Large language models (LLMs) have surged in popularity, with the tool-calling feature dramatically expanding their capabilities beyond simple text generation. Now, LLMs can handle complex automation tasks such as dynamic UI creation and autonomous a

Can a video game ease anxiety, build focus, or support a child with ADHD? As healthcare challenges surge globally — especially among youth — innovators are turning to an unlikely tool: video games. Now one of the world’s largest entertainment indus

“History has shown that while technological progress drives economic growth, it does not on its own ensure equitable income distribution or promote inclusive human development,” writes Rebeca Grynspan, Secretary-General of UNCTAD, in the preamble.
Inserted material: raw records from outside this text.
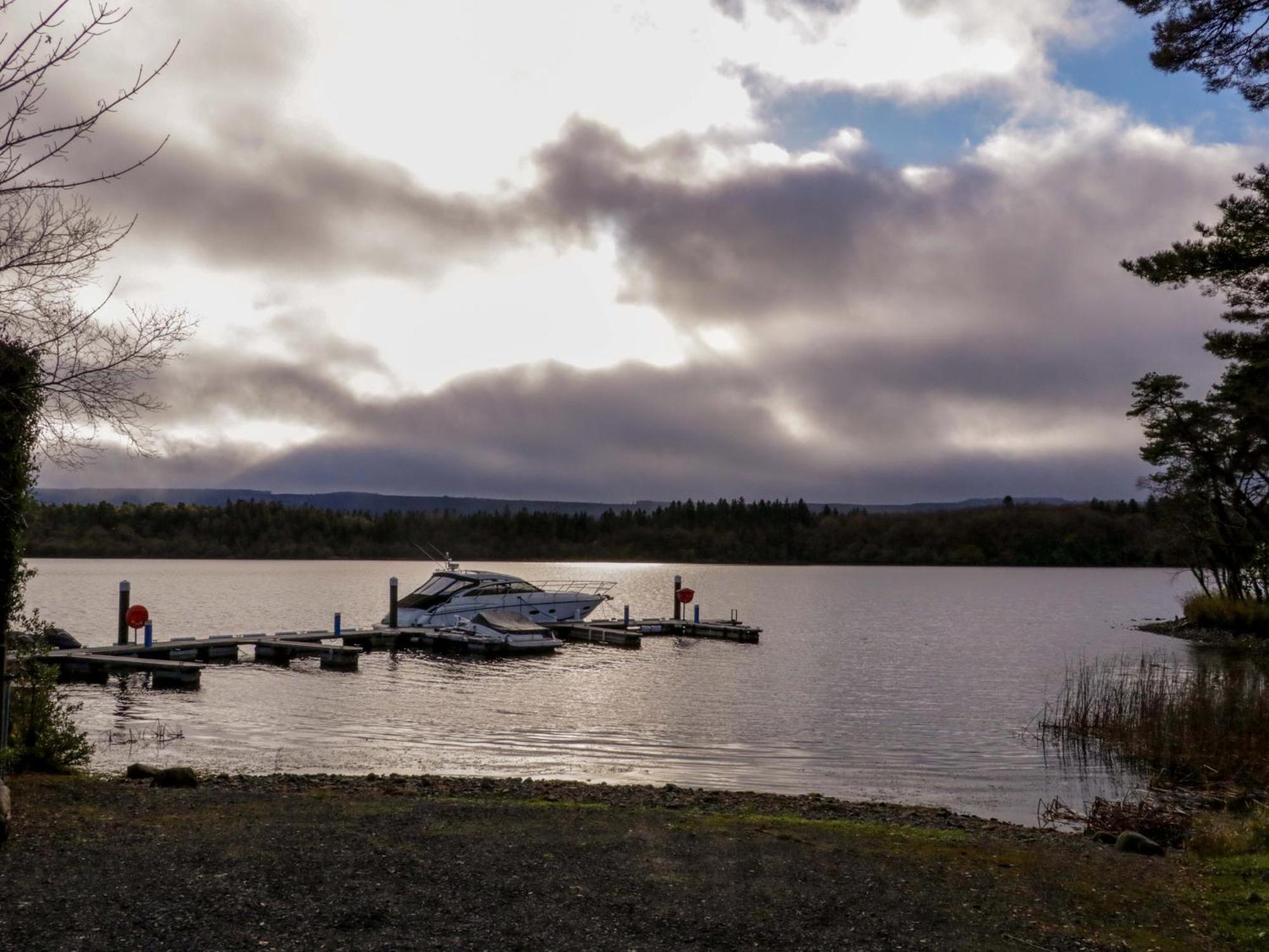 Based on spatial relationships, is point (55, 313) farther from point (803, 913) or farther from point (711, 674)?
point (711, 674)

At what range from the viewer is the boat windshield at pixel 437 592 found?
4547 cm

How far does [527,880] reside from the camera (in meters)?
8.38

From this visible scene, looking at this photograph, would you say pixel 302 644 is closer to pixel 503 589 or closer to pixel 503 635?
pixel 503 635

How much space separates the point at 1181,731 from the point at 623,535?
158 metres

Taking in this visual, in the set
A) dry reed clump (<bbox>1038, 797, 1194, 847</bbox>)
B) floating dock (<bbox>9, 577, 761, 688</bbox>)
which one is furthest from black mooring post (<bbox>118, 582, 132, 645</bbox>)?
dry reed clump (<bbox>1038, 797, 1194, 847</bbox>)

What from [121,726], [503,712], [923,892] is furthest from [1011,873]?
[121,726]

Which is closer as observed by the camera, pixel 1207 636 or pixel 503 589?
pixel 503 589

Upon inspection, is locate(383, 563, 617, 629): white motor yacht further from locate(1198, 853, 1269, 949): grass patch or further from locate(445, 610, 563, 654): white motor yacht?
locate(1198, 853, 1269, 949): grass patch

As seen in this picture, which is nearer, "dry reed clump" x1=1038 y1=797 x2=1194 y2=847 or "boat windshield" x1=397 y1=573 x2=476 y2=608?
"dry reed clump" x1=1038 y1=797 x2=1194 y2=847

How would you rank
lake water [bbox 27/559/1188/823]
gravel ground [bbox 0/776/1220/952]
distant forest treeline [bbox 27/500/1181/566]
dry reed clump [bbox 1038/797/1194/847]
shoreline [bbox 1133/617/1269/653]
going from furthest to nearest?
1. distant forest treeline [bbox 27/500/1181/566]
2. shoreline [bbox 1133/617/1269/653]
3. lake water [bbox 27/559/1188/823]
4. dry reed clump [bbox 1038/797/1194/847]
5. gravel ground [bbox 0/776/1220/952]

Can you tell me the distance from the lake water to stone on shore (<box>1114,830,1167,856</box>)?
13.4ft

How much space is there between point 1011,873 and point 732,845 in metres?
2.71

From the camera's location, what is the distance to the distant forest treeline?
543ft

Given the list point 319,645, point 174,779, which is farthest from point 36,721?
point 319,645
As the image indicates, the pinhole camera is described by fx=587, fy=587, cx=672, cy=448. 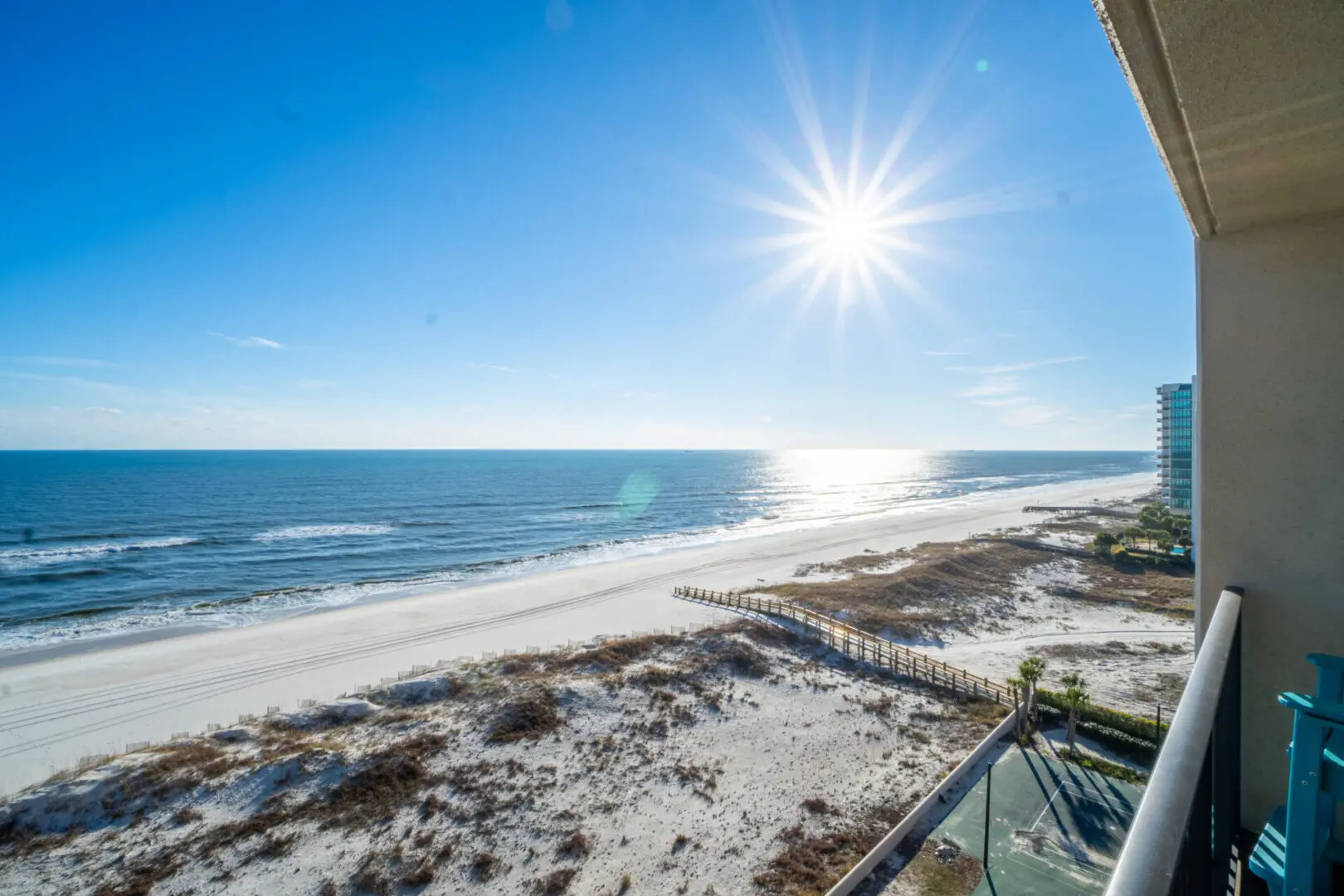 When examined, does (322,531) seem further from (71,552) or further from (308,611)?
(308,611)

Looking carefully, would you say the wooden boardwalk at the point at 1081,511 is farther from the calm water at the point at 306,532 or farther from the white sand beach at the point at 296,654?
the white sand beach at the point at 296,654

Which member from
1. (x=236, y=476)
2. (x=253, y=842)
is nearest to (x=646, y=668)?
(x=253, y=842)

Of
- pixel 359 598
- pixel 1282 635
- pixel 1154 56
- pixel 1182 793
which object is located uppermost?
pixel 1154 56

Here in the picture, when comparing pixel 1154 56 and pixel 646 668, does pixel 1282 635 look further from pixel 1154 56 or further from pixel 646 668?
pixel 646 668

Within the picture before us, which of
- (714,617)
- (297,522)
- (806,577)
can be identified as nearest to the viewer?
(714,617)

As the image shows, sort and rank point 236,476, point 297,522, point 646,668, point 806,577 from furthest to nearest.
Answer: point 236,476, point 297,522, point 806,577, point 646,668

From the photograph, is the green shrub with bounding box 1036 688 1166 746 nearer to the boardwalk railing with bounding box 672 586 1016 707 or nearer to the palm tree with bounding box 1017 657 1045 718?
the palm tree with bounding box 1017 657 1045 718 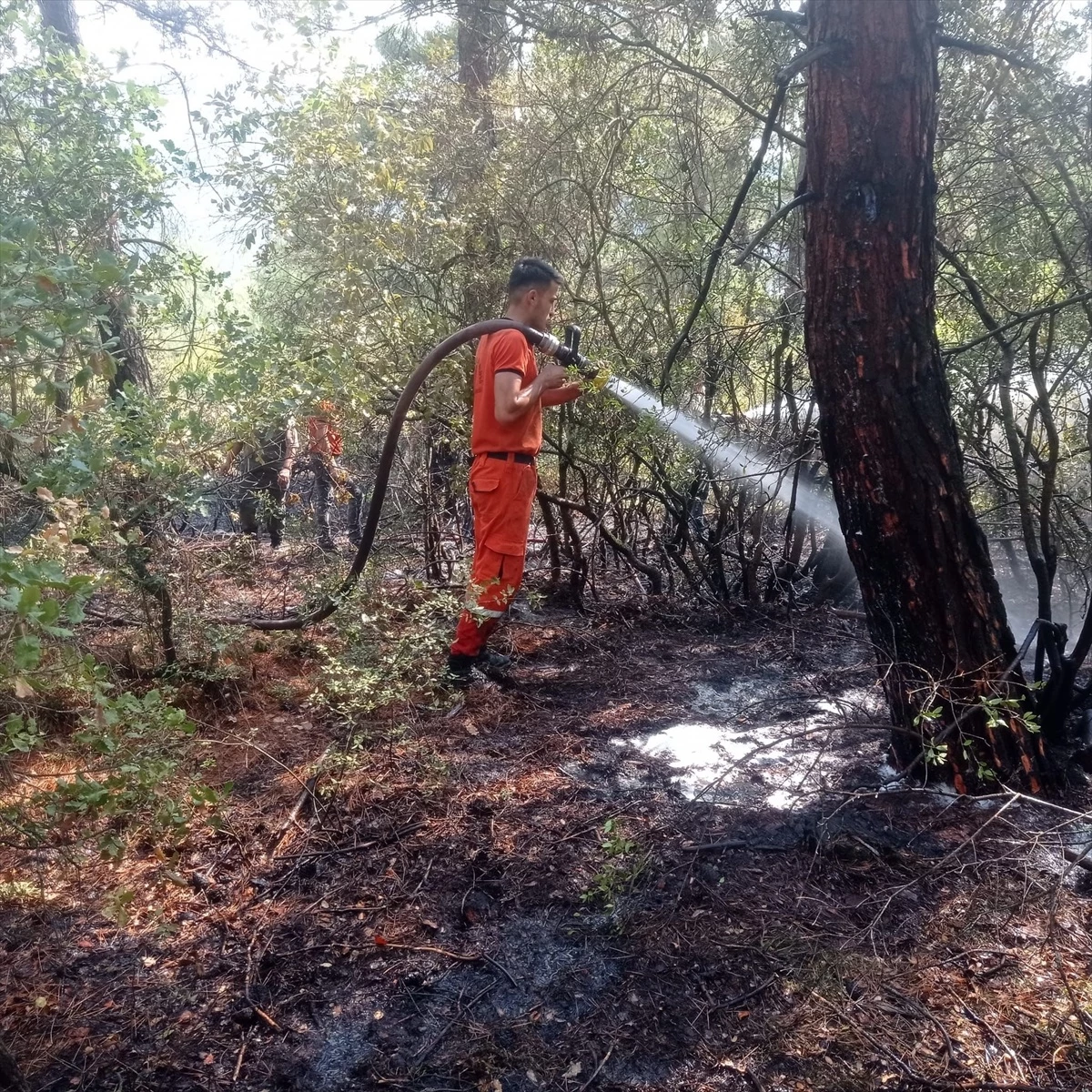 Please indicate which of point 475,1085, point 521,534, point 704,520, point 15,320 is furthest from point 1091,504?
point 15,320

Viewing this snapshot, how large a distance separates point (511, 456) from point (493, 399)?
274mm

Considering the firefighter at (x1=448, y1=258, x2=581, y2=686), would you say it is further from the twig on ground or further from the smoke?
the twig on ground

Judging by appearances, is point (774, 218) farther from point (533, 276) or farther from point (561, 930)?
point (561, 930)

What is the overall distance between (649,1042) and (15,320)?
212 cm

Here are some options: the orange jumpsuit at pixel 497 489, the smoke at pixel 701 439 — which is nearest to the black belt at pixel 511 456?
the orange jumpsuit at pixel 497 489

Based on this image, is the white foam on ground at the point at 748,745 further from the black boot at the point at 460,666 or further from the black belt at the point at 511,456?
the black belt at the point at 511,456

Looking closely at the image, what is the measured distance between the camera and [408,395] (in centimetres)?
373

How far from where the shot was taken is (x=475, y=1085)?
1707 millimetres

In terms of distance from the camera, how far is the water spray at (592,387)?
355 centimetres

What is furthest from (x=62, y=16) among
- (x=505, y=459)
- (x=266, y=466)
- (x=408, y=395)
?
(x=505, y=459)

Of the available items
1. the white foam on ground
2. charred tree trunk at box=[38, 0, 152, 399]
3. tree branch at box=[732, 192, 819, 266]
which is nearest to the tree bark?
charred tree trunk at box=[38, 0, 152, 399]

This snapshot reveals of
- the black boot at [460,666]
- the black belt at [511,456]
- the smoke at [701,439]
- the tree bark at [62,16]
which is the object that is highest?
the tree bark at [62,16]

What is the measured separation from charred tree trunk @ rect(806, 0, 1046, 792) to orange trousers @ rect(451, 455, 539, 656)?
1.44 m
Easy-peasy, use generative AI as your negotiation tutor and sparring partner. Let’s talk about it. This analysis of an innovative AI breakthrough is part of my ongoing Forbes column coverage on the latest in AI, including identifying and explaining

The TED2025 Conference, held in Vancouver, wrapped its 36th edition yesterday, April 11. It featured 80 speakers from more than 60 countries, including Sam Altman, Eric Schmidt, and Palmer Luckey. TED’s theme, “humanity reimagined,” was tailor made

Joseph Stiglitz is renowned economist and recipient of the Nobel Prize in Economics in 2001. Stiglitz posits that AI can worsen existing inequalities and consolidated power in the hands of a few dominant corporations, ultimately undermining economic

Graph Databases: Revolutionizing Data Management Through Relationships As data expands and its characteristics evolve across various fields, graph databases are emerging as transformative solutions for managing interconnected data. Unlike traditional

Large Language Model (LLM) Routing: Optimizing Performance Through Intelligent Task Distribution The rapidly evolving landscape of LLMs presents a diverse range of models, each with unique strengths and weaknesses. Some excel at creative content gen


Hot AI Tools

Undresser.AI Undress
AI-powered app for creating realistic nude photos

AI Clothes Remover
Online AI tool for removing clothes from photos.

Undress AI Tool
Undress images for free

Clothoff.io
AI clothes remover

AI Hentai Generator
Generate AI Hentai for free.

Hot Article

Hot Tools

Dreamweaver Mac version
Visual web development tools

SublimeText3 English version
Recommended: Win version, supports code prompts!

Notepad++7.3.1
Easy-to-use and free code editor

Atom editor mac version download
The most popular open source editor

SAP NetWeaver Server Adapter for Eclipse
Integrate Eclipse with SAP NetWeaver application server.